What is a sensory-friendly performance?

The first sensory-friendly performance was held at the Kennedy Center in Washington DC. Ideishi’s work with the Walnut’s education program had led him there and beyond, to work with theaters and performing arts centers around the country and the world to make their venues welcoming to people with autism. Certain adjustments and accommodations are made at sensory-friendly performances in order to create a relaxed experience.

A sensory-friendly performance will omit startling sounds or lighting effects. Audience members are permitted to vocalize, stand and leave seats during the performance. Use of personal electronic devices is permitted for communication or sensory reasons.

At the start and end of a show, house lights do not go completely dark. Actors introduce themselves before and after so that no one is surprised by anyone walking onstage. A quiet area is provided in the lobby. Ticket sales are intentionally limited so the theater will not fill to capacity.
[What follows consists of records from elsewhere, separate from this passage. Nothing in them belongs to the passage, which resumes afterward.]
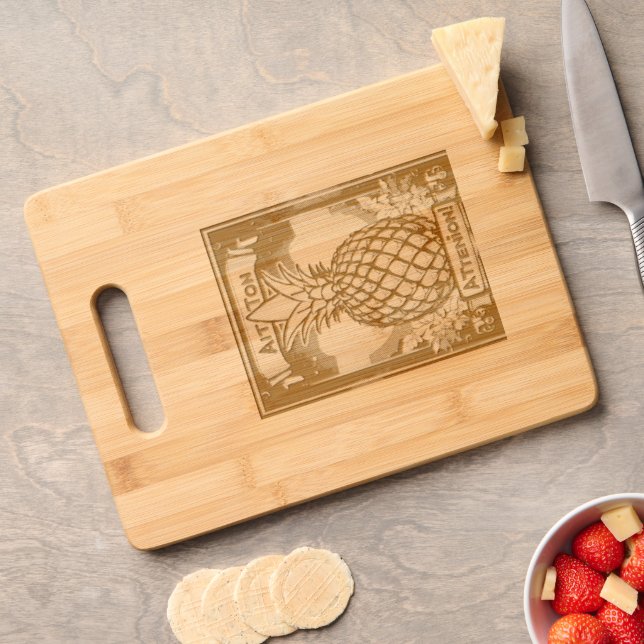 Bmboo  engraved cutting board (Cheese)
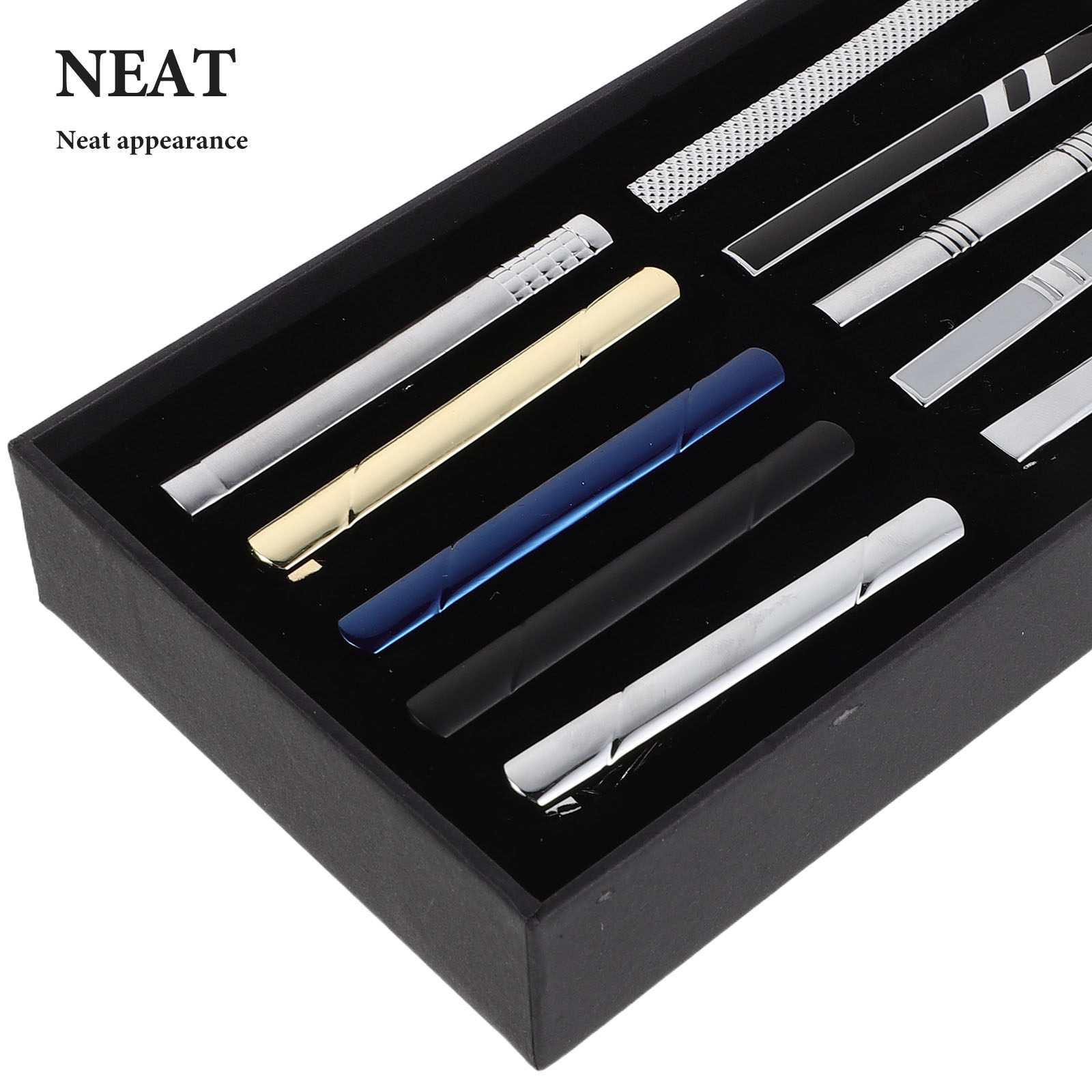 10Pcs Tie Clip Set for Men Ele - Tie Bar Set Gift recensione e prezzo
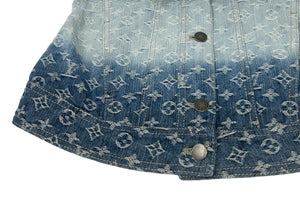 LOUIS VUITTON Vintage Logo Monogram Denim Vest Skirt Set #34 Gradation Rank AB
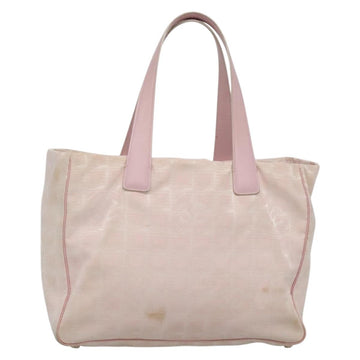 CHANEL New Travel Line Tote Bag Nylon Pink Gold CC Auth ti3386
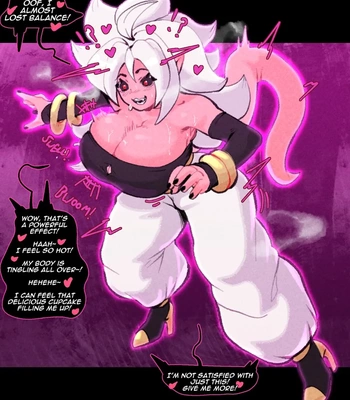 Android 21 With A Fluffy Cupcake comic porn sex 2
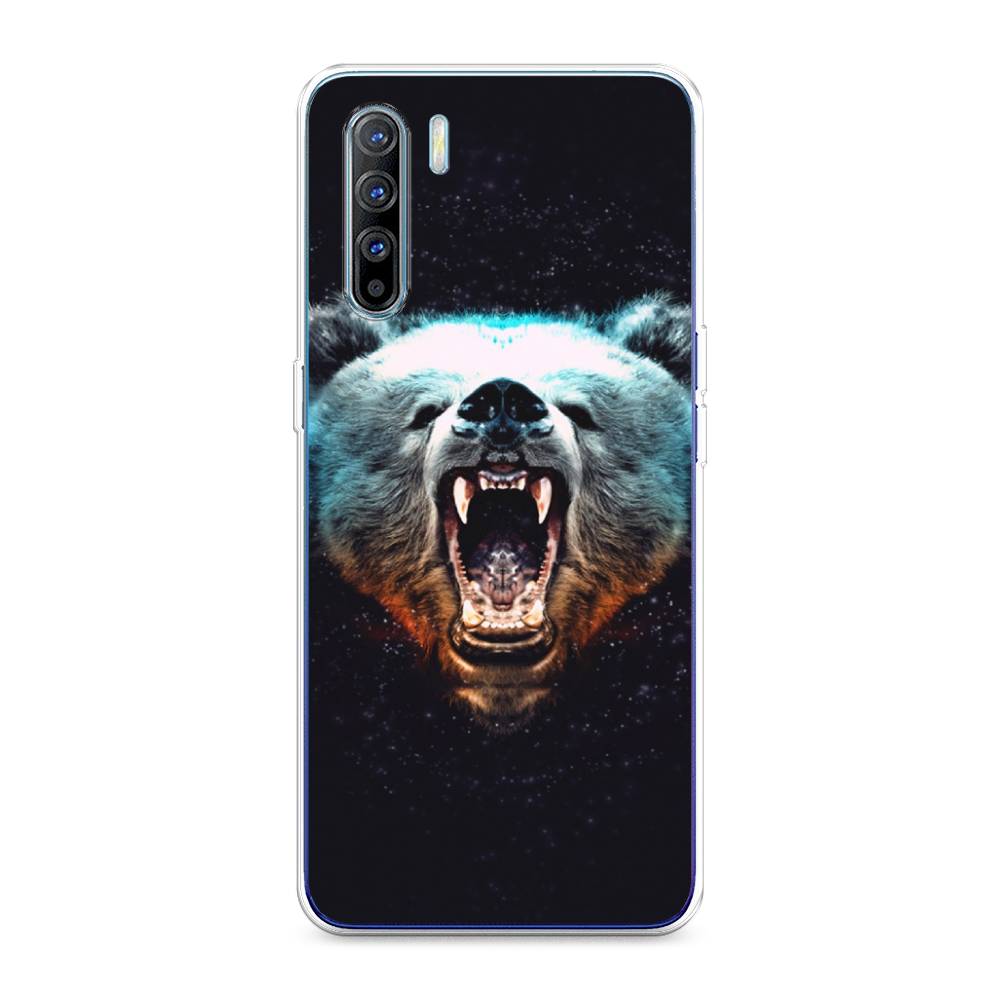 

Чехол Awog на Oppo A91/Reno 3 "Медведь", Разноцветный, 252450-2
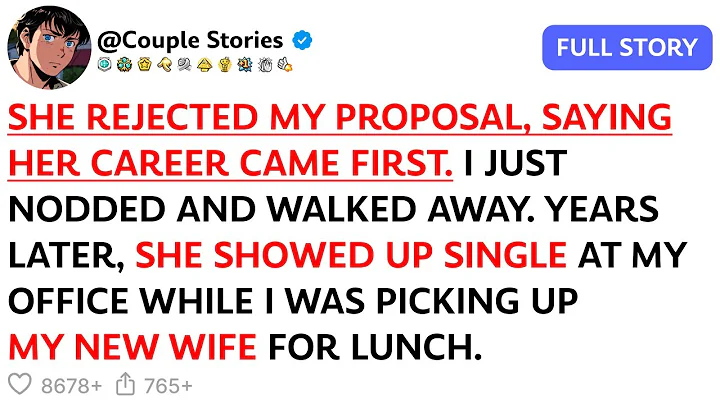 She Rejected My Proposal, Saying Her Career Came First. I Just Nodded And Walked Away. Years Later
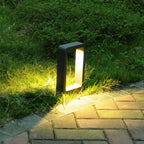 High Power LED Garden Light 15W Lawn Lamp 110V 220V DC12V Aluminum Pillar Light Outdoor Courtyard villa landscape bollards light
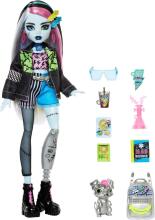 Monster High Frankie Stein lelle – džinsu stila tērps ar Watzie un aksesuāriem
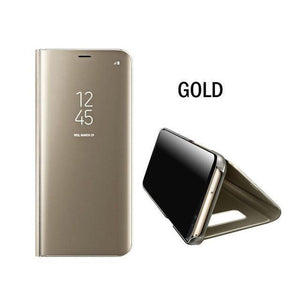 Planet Gates Gold / For Samsung A7 2018 Smart Mirror Flip Phone Case For Samsung Galaxy S9 S8 S7 S6 Edge Plus View Cover For Note 9 8 J5 J7 A5 A6 A7 A8 2017 2018 Case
This provides a comfortable space in terms of movement and reactions.

What is the experience like?

The theater’s goal is to be the most welcoming. It should be a place where families can enjoy theater together. Their upcoming performance of Ivy + Bean will be performed for over 800 guests from Philadelphia schools, many of whom are children on the spectrum.

Before the performance, teaching artists and cast members will lead three schools in interactive workshops. This will include a show-and-tell with costumes, scenes and songs from the production, and an informational video produced by the theater. Students will be informed where they will enter the building, people they will pass on the way to their seats, what the theater looks like and where the actors will perform. The entire experience is designed to be welcoming and comforting.